The old guard women would talk shit on anyone for anything. They’d stand over someone folding napkins and say “Those are getting a little puffy.” The men were different. The guys who worked in the kitchen didn’t bother with that. They maintained the standard food industry atmosphere: a healthy 50/50 blend of sexual harassment and good clean fun.
Though the women were the ones to be feared, I escaped judgment, because I was competent at my job and my uniform was together. I blended in as a member of the chorus moving in step with the company.
I slept late one Saturday after a Friday night shift, and got up to wash my black shirt before the day’s long drive to a wedding in the suburbs. I had only one black shirt and I washed it after every shift, so missing the window to get it done in time was a risky move. It got through the wash, but I had to take it out of the dryer mid-run or I would be late. It was still damp. I figured I would just hang it on a hanger in the car on that little hook I’ve never used in my life, and hopefully after the hour drive it would be dry.

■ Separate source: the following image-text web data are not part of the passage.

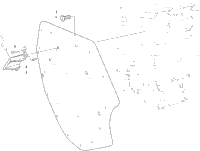 Engine Bell / Backplate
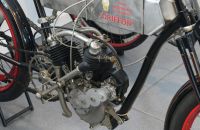 52/B. - Museo NICOLIS - moto, Italy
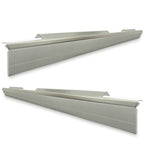 Lower Rear Quarter Panels Rocker Panels for Chevy Suburban Yukon XL 2000-2006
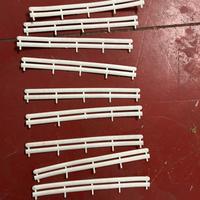 Guardrail polistil policar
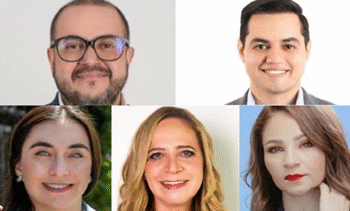 Fin al Marrazo: Aquí magistrados de Tribunal de Disciplina Judicial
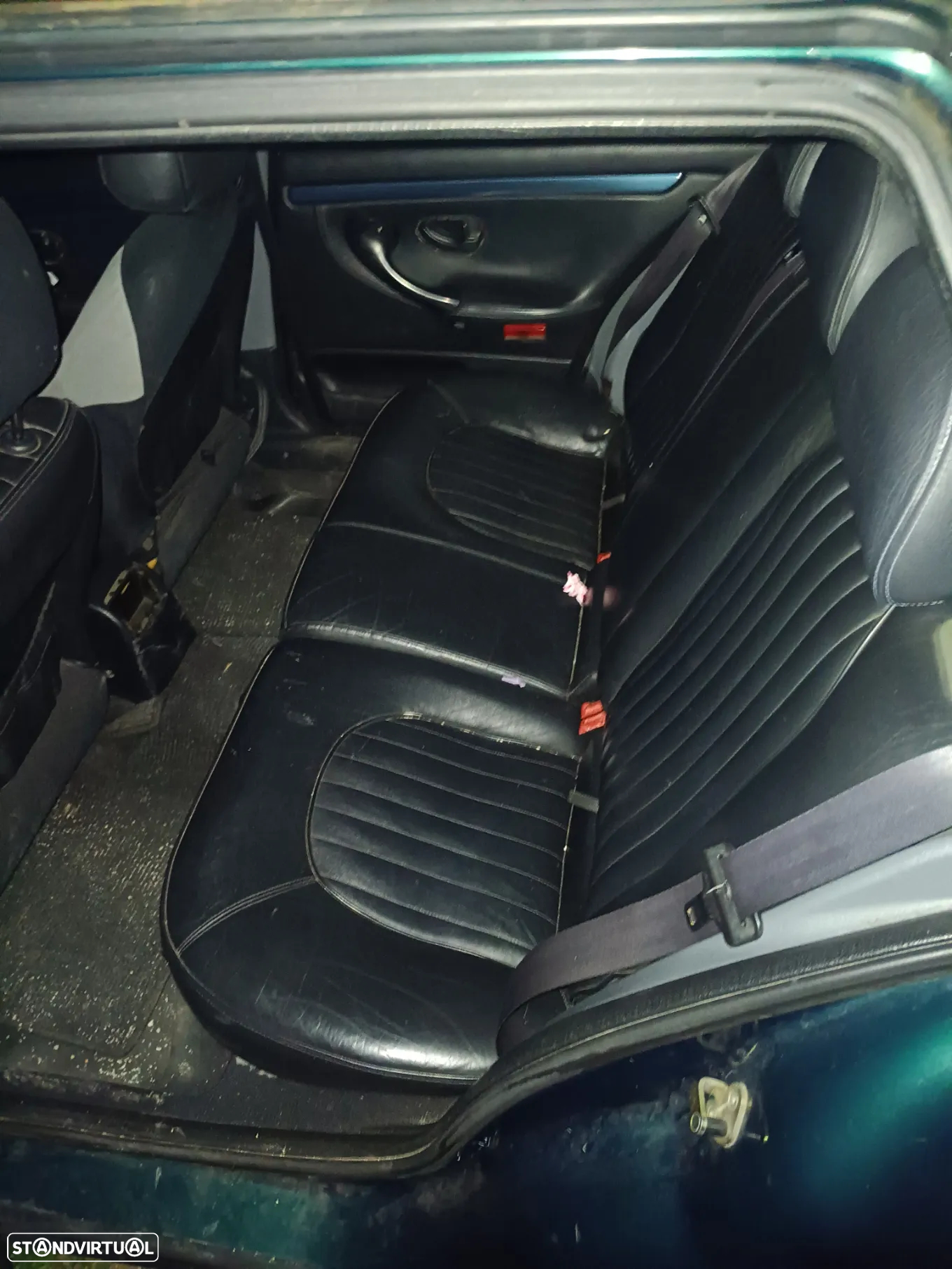 Peugeot 406 Break 2.0 HDi Executive - 3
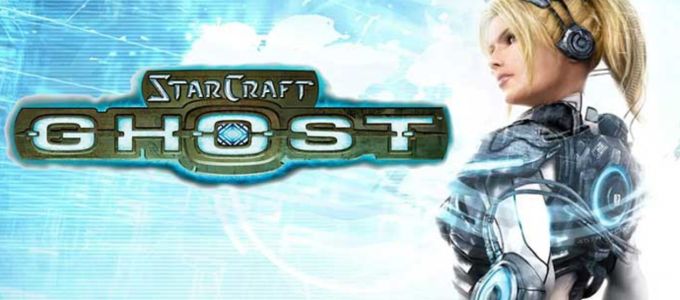 Ilyen lett volna a StarCraft: Ghost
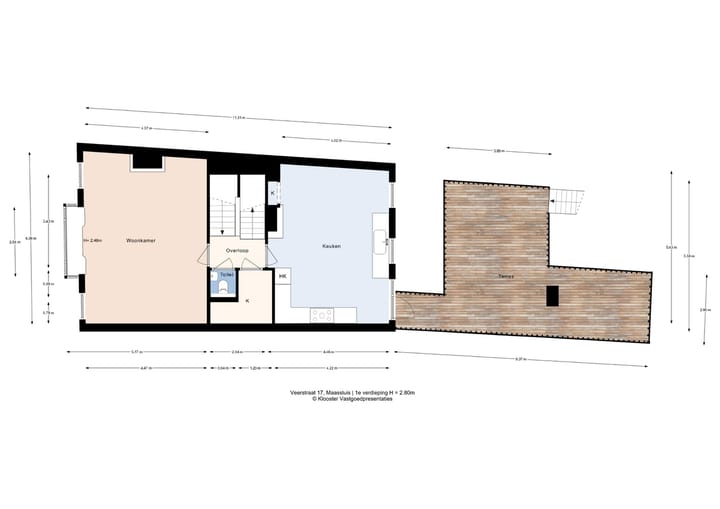 Photo 68 of Veerstraat 17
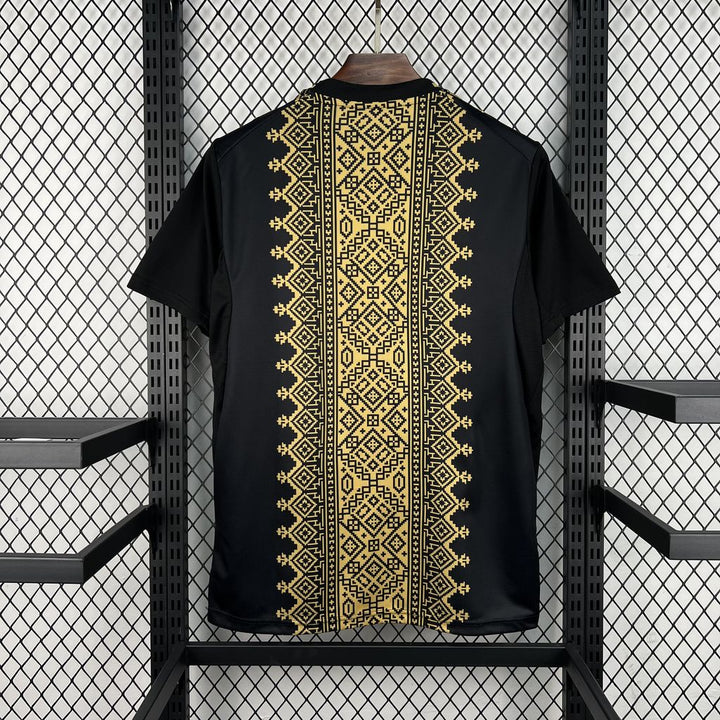 Morocco ”Golden Atlas” Limited Jersey
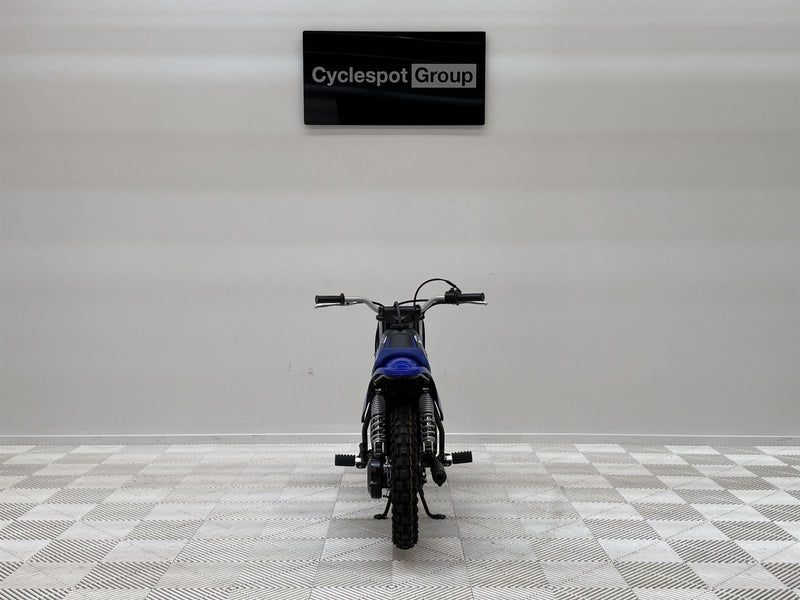 Load image into Gallery viewer, 2026 Yamaha PW 50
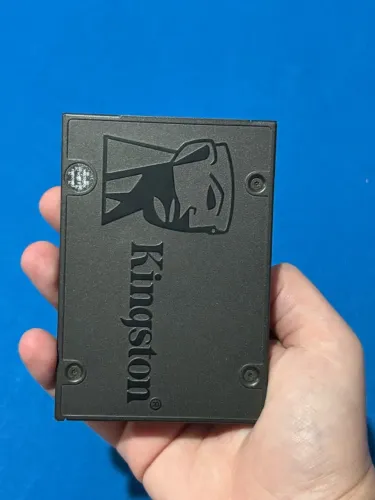 SSD Kingston A400 480 GB SATA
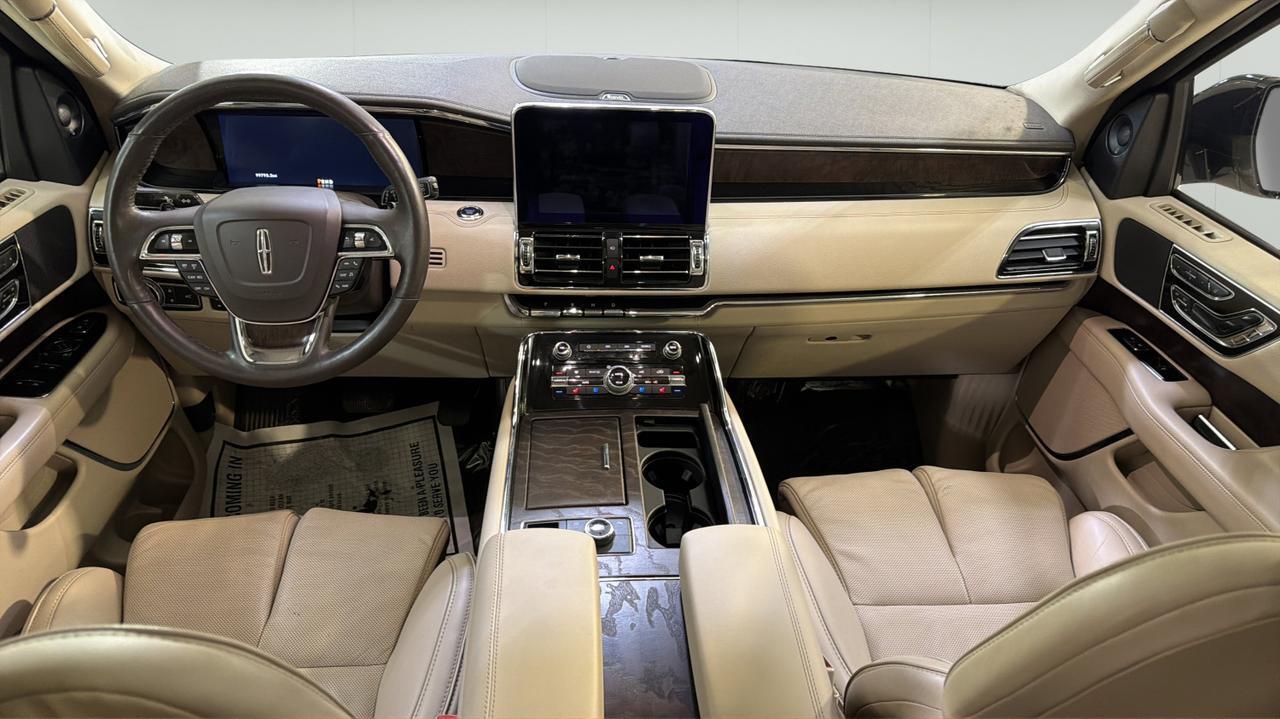 2019 Lincoln Navigator Select San Antonio TX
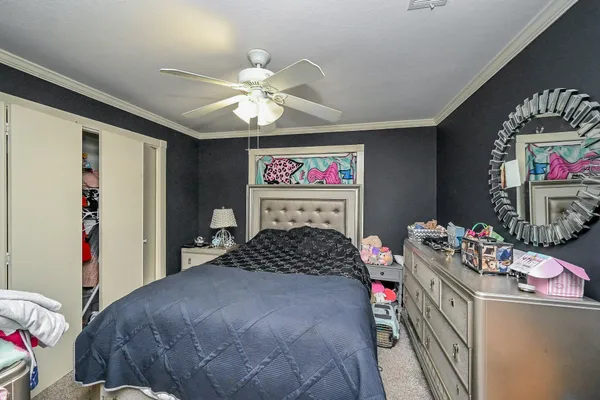 $365,990 | 2407 Fawnwood Lane, Spring, TX 77386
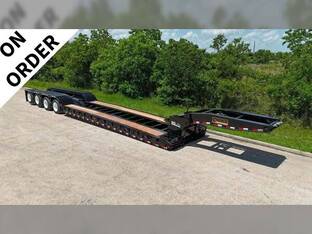 2027 Choice Trailers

I barrelled down 76, wearing my black pants and a skimpy black tank, sunglasses on, shirt bouncing from the hanger. It was a beautiful March day. Maybe if I rolled down the windows, the wind would help the shirt dry faster. Brilliant!
I rolled down all four windows all the way to get the air circulating. The wind rushed in and the shirt danced on the hanger as Steppenwolfe played and the cool air hit my face. I was so alive! All of a sudden, the wind sucked the shirt right out the window.
In my mind, the slow-motion disaster was narrated with closed captions (“This thing is happening. Is this thing happening? I don’t want this thing to happen. This thing just happened”). A montage of the life of the shirt flashed before my eyes, from when I bought it in the boy’s section at Macy’s to when I took it out of the washer that morning.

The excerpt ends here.